En soi, le télétravail est un instrument contesté. Nombre d’employeurs craignent en effet que cette marge de manœuvre soit utilisée à mauvais escient. «L’économie classique conçoit l’incitation par la motivation sous la forme de bonus, de primes ou de surveillance, explique cet économiste. Il y a au fond cette idée que l’être humain est un agent rationnel qui souhaite maximiser son profit. Pour Beckman, c’est un peu réducteur. «Il y a tellement de gens qui s’identifient à leur travail, qui exercent avec plaisir leur activité, ou le font par devoir.» Pour renforcer la motivation de ces acteurs, les entreprises doivent développer d’autres moyens. Selon lui, l’autonomie des collaborateurs contient de grands ­potentiels.

Ils travaillent 80 minutes de plus

Cette année, Michael Beckmann et un collectif d’auteurs ont fait paraître une étude sur la confiance dans le temps de travail. L’enquête montre que lors des contrôles sur les temps de travail, les collaborateurs ne travaillent pas moins, mais plus que nécessaire. En moyenne ­quatre-vingt minutes par semaine. «L’étude contredit de manière nette la crainte que l’absence de contrôles sur les temps de travail induisent de la paresse parmi les employés», souligne le chercheur. C’est le contraire qui prévaut: le fait de décider soi-même apparaît comme un facteur important de motivation pour les gens.

Crucial: la confiance mutuelle

La situation semble plus difficile pour les entreprises qui tentent de compenser une perte de maîtrise en instaurant un système basé sur des ­instruments de contrôle. Il est au contraire crucial, selon Michael Beckmann, de commencer par construire un rapport de confiance. C’est seulement par la suite qu’il devient possible de passer à des mesures d’autonomie. Il faut en effet que la confiance soit réciproque pour que les horaires souples et le télétravail fonctionnent. En revanche, le fait de se sentir surveillé peut détruire auprès des collaborateurs la capacité à se forger une automotivation.

Flexibilité et rentabilité

En dépit des critiques, le fait de travailler chez soi est une tendance qui monte. En Suisse aussi, le nombre de personnes qui renoncent au moins partiellement au bureau augmente, notamment chez ceux qui cherchent à concilier famille et vie professionnelle.

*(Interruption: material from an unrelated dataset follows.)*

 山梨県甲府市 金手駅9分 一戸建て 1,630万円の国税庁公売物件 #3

«L’importance que ces modèles souples ont pris est à mettre en lien également avec les changements dans la nature des activités», poursuit l’économiste bâlois. La concurence qui se renforce, les changements technologiques poussent les entreprises et les collaborateurs à plus de flexibilité. Ces derniers sont confrontés à des exigences de travail croissantes et à des réglementations plus flexibles.

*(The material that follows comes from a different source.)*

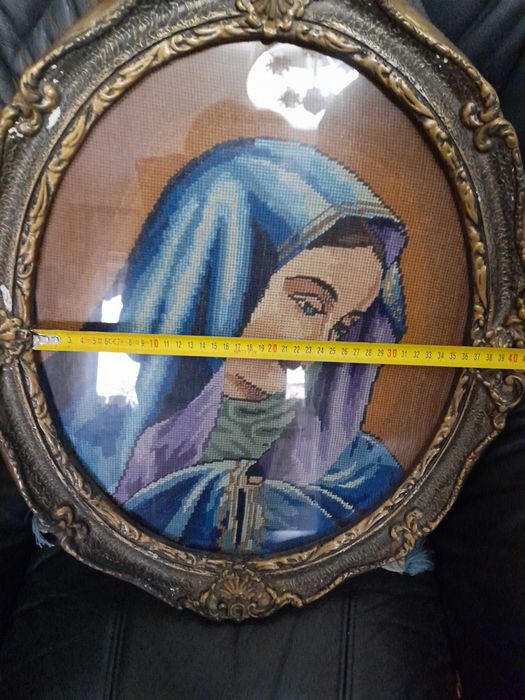 PF vand GOBLENURI DEOSEBITE ANII 1938-1939 INRAMATE, pret negociabil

L’autonomie non seulement a un effet positif sur les performances, mais les modèles de temps de travail flexibles sont également des instruments RH beaucoup plus rentables que les incitations financières. Les employés eux-mêmes économisent du temps et de l’argent, car souvent de longs tours de travail sont perdus. Et Michael Beckmann de conclure: «Si l’activité le permet, le télétravail et ces solutions flexibles génèrent une situation gagnant-gagnant.»